• _Short descriptive text snippets_:
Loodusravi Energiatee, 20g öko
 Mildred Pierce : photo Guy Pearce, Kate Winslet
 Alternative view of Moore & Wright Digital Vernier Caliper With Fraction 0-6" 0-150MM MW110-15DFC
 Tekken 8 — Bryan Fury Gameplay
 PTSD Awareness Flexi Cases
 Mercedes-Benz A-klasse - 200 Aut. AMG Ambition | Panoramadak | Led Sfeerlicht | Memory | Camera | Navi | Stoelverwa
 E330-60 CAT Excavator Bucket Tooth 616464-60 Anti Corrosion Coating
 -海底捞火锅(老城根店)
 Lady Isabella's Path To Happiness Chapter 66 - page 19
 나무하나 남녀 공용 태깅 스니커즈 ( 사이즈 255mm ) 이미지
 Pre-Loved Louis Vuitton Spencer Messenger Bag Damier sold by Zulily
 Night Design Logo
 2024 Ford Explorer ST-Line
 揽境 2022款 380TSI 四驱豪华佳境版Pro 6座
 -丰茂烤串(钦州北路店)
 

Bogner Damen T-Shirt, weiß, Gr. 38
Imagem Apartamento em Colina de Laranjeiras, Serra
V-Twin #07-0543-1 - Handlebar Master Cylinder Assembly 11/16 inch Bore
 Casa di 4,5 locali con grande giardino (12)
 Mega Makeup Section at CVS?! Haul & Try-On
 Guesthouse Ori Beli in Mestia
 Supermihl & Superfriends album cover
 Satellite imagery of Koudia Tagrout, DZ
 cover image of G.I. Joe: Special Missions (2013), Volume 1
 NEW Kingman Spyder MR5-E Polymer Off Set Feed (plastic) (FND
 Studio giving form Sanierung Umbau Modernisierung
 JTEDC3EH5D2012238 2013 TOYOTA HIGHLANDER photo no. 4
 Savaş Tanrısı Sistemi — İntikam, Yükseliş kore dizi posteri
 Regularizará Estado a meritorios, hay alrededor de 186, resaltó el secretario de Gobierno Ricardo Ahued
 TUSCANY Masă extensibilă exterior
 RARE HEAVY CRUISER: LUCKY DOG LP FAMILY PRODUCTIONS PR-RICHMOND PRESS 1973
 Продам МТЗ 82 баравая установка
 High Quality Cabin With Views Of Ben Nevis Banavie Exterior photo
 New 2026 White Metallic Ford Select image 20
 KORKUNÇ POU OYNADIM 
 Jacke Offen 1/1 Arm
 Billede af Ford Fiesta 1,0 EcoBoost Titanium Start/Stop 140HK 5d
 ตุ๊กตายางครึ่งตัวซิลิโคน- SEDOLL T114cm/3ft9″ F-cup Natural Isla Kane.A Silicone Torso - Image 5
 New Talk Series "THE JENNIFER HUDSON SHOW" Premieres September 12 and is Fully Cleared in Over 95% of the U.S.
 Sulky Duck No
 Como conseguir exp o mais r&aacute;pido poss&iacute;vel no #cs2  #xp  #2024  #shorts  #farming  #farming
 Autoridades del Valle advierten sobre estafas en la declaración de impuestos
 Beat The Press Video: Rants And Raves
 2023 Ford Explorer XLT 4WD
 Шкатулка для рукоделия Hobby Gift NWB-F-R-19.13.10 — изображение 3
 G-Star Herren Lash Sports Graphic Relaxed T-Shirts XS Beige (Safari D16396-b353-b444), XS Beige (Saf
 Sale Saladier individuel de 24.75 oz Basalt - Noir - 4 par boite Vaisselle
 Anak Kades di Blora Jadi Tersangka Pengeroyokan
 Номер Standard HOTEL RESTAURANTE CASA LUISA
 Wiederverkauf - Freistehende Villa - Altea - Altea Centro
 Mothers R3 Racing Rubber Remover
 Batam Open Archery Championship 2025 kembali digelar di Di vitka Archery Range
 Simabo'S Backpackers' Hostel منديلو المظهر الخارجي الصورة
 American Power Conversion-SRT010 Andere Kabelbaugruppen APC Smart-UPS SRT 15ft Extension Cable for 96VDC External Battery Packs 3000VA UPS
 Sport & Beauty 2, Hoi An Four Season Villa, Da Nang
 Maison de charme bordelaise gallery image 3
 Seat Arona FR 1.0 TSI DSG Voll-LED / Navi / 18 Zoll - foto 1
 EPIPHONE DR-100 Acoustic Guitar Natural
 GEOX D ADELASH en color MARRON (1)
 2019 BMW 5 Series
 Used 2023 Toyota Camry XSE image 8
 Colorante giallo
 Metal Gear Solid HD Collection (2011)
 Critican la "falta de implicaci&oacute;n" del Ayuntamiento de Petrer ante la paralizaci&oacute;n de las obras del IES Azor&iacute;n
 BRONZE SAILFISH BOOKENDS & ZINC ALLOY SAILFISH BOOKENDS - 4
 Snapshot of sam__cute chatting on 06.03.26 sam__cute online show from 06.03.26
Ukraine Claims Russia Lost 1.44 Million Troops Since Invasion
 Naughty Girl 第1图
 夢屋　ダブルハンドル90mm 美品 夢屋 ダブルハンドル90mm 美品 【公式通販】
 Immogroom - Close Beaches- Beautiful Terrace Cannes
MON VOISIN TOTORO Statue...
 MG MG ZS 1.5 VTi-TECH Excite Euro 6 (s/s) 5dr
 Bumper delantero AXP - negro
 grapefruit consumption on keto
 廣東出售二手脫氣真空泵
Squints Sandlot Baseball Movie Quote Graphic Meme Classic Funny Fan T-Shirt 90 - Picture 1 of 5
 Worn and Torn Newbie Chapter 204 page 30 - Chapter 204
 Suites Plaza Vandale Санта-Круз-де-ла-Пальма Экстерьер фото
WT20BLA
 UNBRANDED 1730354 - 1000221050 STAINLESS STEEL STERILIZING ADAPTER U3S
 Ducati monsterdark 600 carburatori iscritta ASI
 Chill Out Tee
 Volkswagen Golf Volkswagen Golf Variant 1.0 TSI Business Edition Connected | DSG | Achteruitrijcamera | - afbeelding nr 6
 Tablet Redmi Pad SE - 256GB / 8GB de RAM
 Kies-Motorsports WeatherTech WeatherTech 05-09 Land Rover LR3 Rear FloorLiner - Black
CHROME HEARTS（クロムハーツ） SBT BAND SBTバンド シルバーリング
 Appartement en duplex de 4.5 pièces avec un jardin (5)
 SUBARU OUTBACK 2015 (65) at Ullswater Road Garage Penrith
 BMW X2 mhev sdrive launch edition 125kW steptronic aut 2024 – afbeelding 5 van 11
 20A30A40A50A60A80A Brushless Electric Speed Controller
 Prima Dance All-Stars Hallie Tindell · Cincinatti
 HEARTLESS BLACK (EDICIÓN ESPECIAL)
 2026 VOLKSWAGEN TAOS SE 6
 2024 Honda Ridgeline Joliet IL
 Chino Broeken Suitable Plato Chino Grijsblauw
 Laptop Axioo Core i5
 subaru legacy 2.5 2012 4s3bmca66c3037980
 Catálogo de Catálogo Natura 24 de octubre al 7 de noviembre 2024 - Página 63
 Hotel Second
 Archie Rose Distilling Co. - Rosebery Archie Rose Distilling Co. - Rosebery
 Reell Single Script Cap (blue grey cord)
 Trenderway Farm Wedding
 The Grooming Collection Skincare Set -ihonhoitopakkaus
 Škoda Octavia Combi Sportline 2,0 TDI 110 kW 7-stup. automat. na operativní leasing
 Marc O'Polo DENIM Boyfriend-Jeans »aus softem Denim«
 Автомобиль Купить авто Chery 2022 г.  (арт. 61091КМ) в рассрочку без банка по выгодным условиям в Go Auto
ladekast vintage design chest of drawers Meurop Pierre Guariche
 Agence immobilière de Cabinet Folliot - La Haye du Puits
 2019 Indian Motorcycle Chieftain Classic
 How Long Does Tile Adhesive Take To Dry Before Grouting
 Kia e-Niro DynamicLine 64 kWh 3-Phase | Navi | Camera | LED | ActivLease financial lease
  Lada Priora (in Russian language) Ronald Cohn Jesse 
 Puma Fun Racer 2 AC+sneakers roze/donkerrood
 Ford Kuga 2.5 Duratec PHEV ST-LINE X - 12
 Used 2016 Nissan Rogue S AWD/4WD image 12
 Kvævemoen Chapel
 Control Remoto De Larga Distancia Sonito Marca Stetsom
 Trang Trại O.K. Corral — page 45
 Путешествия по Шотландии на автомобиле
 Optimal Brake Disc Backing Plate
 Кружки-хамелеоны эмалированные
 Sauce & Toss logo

• _What the exercise asks_: The answer must consist of each line in the entries above that includes "With".

• _Answer box_:
 Alternative view of Moore & Wright Digital Vernier Caliper With Fraction 0-6" 0-150MM MW110-15DFC
 High Quality Cabin With Views Of Ben Nevis Banavie Exterior photo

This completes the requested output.